The inmates slipped out of the prison early Sunday through a hole they made in a wall, the Puebla Public Safety Secretariat said.

The escape occurred at the prison in San Pedro Cholula, a town outside Puebla city, the state capital.

The wall through which the inmates escaped is on one of the town's main avenues in an area full of residences and shops, the secretariat said.

The escaped inmates are all considered extremely dangerous and were doing time for murder.

Four of the 11 inmates belonged to Los Zetas, considered Mexico's most violent drug cartel, Mexican media reported.

Authorities are investigating 17 prison employees, including the warden, to try to determine whether they were involved in the escape.

State police are working with the Federal Police to try to track down the escaped inmates, the secretariat said, adding that checkpoints had been set up in the area.

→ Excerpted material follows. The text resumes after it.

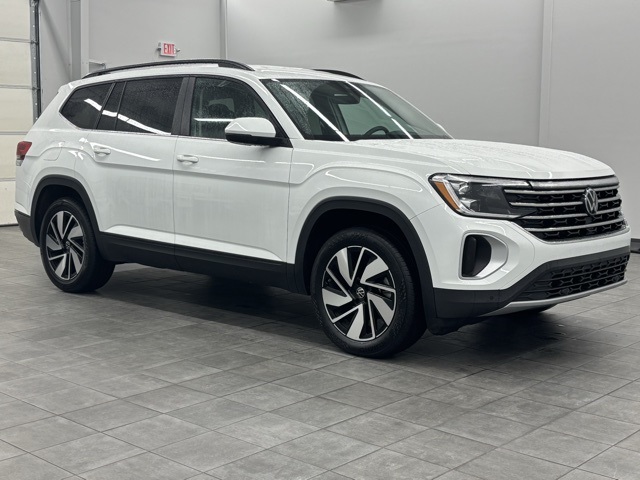 2025 Volkswagen Atlas SE w/Tech's photo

Mexico's drug cartels sometimes engineer mass prison breaks in response to the killings and arrests of their gunmen.

Heriberto Lazcano Lazcano, known as "El Lazca," deserted from the Mexican army in 1999 and formed Los Zetas with three other soldiers, all members of an elite special operations unit, becoming the armed wing of the Gulf drug cartel.

After several years on the payroll of the Gulf cartel, Los Zetas, considered Mexico's most violent criminal organization, went into the drug business on their own account and now control several lucrative territories.